If we really are in a serious financial state (and external analysis rates us as one of the richest countries in the world), then we should focus tax reform on those who pay no tax at all while raking in billions. Newscorp for example, paid no tax at all. Gina Rinehart paid very little tax compared to her income. This is not tall poppy syndrome it is about equity.   Ha ha, thank you for making my point. I envy you for being privy of Gina Rinehart personal income and Newscorp profit and losses. if you think they have broken the law, you should contact crime stoppers. otherwise it is just tall poppy syndrome. You can pay as little tax as you want providing you take the necessary legal steps for it.  
Marc, the information is publicly available, if you care to look around you. So if you want to have an opinion, try to make it an informed one in future.

----------


## Black Cat

And by the way Marc - I also own investment property (or do at present), so I know whereof I speak. I also own just one such property, despite having had the opportunity to build my property empire to the extent you yourself have done. But just because something is legal it does not mean it is moral. And I am afraid I live my life by moral standards, not the dog eats dog approach that rules much of society these days.

----------


## Marc

Yes, I hear you Black Cat, and you are not alone. You ride the moral high ground and therefore are limited. I am immoral and so I can pursue the achievement of wealth. What a load of hogwash. 
And you think your choice is unique, that it is yours that it is original.
It is not your choice, it was made for you and it limits you for no other reason than fear.
But that is another story.  
Negative gearing objections are tall poppy syndrome. And mentioning Gina is just the icing on the cake.

----------


## SilentButDeadly

Marc...your atypical lack of empathy for your fellow human and self righteous indignation at others apathy to your world view is getting you nowhere in the sympathy stakes on this one. 
Personally I'm ambivalent to ending negative gearing and I'm equally ambivalent to CGT...neither apply to me and are unlikely to in the future. 
As for those intellectually lazy enough to blame the tall poppy syndrome for their perceived woes and self conscious fears... HTFU ya sooks!
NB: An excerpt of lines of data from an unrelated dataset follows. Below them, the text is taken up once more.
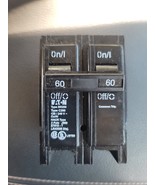 Eaton BR 260 60Amp Double Pole Standard Trip Circuit Breaker - $374.78 MXN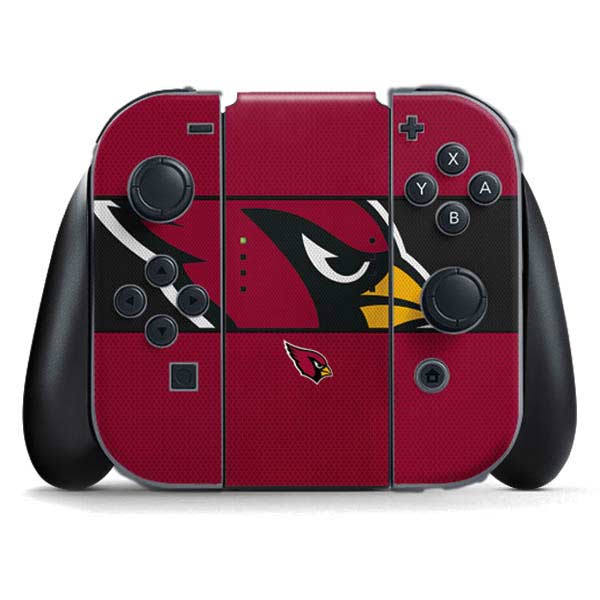 NFL Arizona Cardinals Zone Block Nintendo Skins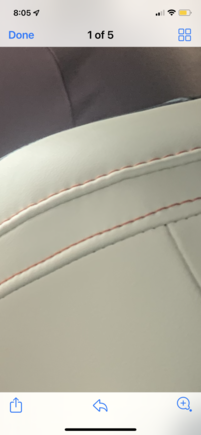 Look at this stitching!!! ❤️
Its not all about you...in fact most of us aren't even aware you exist.

----------


## johnc

Marc I gather sees everything as an attack on himself, while really all of us are that insignificant to the decision making process we are irrelevant to whatever is going to happen. I have property and capital gains are a regular feature in my world, I couldn't give a toss if they end negative gearing and the 50% rebate on CGT is silly in my view as it diverts capital into passive investment and away from the job generation areas of industry and business endeavour. Ultimately I figure I'm worse off long term because of the drag on economic growth as a result of excessive domestic debt. Owners of rental properties don't contribute much to the economy, we have a large pile of vacant property in our capital cities held by buyers who don't wish to rent and are hanging around solely for the capital gain. If taxing those gains forced a bit more of that stock onto the market we might see prices become a little more affordable.

----------


## Spottiswoode

I don't think there is an easy answer. The tax system is so complex that those with the most money can pay accountants to rort it easily, while the rest of us pay a decent share. Realestate prices are a hot topic so it's only natural that the opposition is crowing about doing something about all those fat cats getting rich off the property market while the Aussie dream of owning your own home slips further away for a lot. the media then run with it and the likes of A Current Afair and the tabloids scare 'everyone' into thinking negative gearing rollback is going to cut house prices by 20%. 
why shouldn't an investments costs be part of the business of increasing your own wealth. Sometimes it costs a bit more than the immediate income generated while waiting for the bigger returns later on, which ultimately increase wealth and decrease the burden on the pension system. No one in their right mind goes into an investment with the idea of losing money with out a long term view for an increase in wealth

----------


## Black Cat

> Yes, I hear you Black Cat, and you are not alone. You ride the moral high ground and therefore are limited. I am immoral and so I can pursue the achievement of wealth. What a load of hogwash. 
> And you think your choice is unique, that it is yours that it is original.
> It is not your choice, it was made for you and it limits you for no other reason than fear.
> But that is another story.  
> Negative gearing objections are tall poppy syndrome. And mentioning Gina is just the icing on the cake.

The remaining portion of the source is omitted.